Let me assume for a sec these namespaces have unique names, and that we store them in some kind of mapping, either on the TS side or the Python side: namespace_colletion = {'first': { global objects from first tag }, 'second': { global objects from second tag }} etc.

What about a attribute <py-script namespace="...">? Here's some pseudocode:

//pyodide.ts

//New function:
function runInNamespace(code:string, namespace_name:string){
    this.interpreter.runPython(sourcecode, {globals: namespace.namespace_name})
}

function run(code:string){
    if this.hasAttribute('namespace') and this.namespace in namespace_collection.keys(){
        //eval() code using existing namespace as globals
        this.runInNamespace(sourcecode, namespace_collection.namespace_name)
    }

    else { 
        //need to initialize a new namespace
        if this.hasAttribute('namespace'){
            //eval code using existing namespace
            new_namespace_name = this.getAttribute('namespace')
        }
        else {
            new_namespace_name = ??????
        }

        new_namespace_globals = this.runtime.get('dict')();
        namespace_collection[new_namespace_nname] = new_namespace_globals

        this.runInNamespace(pyscript as string, new_namespace_globals) 
        //and any other init steps, like runtime.run('set_version...')
        this.runtime.run(code, new_namespace_globals)
    }
}

If each tag is to have its own namespace by default, then "?????" is ... a GUID? Or maaaaybe something derived from src, but since src is a URL and not necessarily a file name I'm wary about that...

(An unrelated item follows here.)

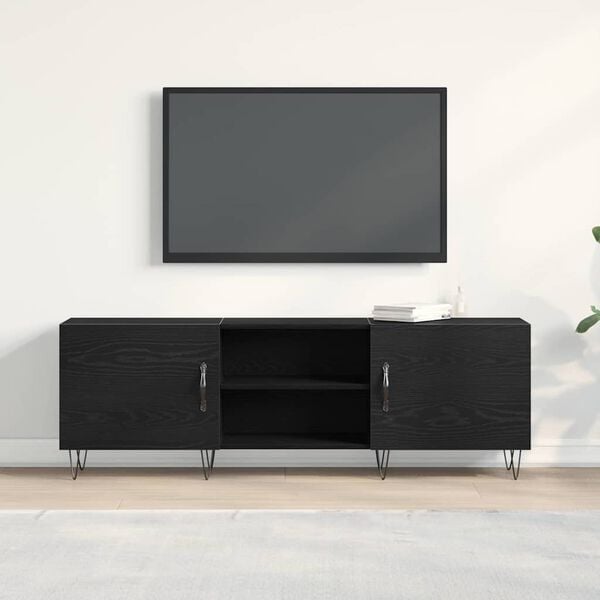 vidaXL TV-Schrankset Schwarz Eichen-Optik 150 x 30 x 50 cm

(If each tag were to default to the same namespace, "?????" would be "__main" or "__default_namespace" or some constant. But I think we've moved away from that.)

So the example above becomes, with extension:

<!--------- First Section --------->
<p>Start by doing this thing:</p>
{{ content from step1.py }}
<py-script src="step1.py" namespace="first_demo"><py-script>

<p>And now do this thing</p>
{{ content from step2.py }}
<py-script src="step2.py" namespace="first_demo"></py-script>

<!--------- Second Section --------->
<p>Let's look at something else now:</p>
{{ content from secondDemo1.py }}
<py-script src="secondDemo1.py" namespace="second_demo"></py-script>

<p>And with that something else, can also do this:</p>
{{ content from secondDemo2.py }}
<py-script src="secondDemo2.py" namespace="second_demo"></py-script>

Eh? As a place to start? I've made quite a few assumptions here, though, so this could be entirely off base.


As you've very helpfully illustrated before, creating a dict with a name and using it as a global dictionary for some code is basically reinventing the idea of modules. Honestly I'm neutral on whether we actually create modules using this logic or. If we do create them as modules, though, using module=... as an attribute could make some sense.

WebReflection commented 8 months ago

As there's no label in this and it's from 2022 ... I think we can close this.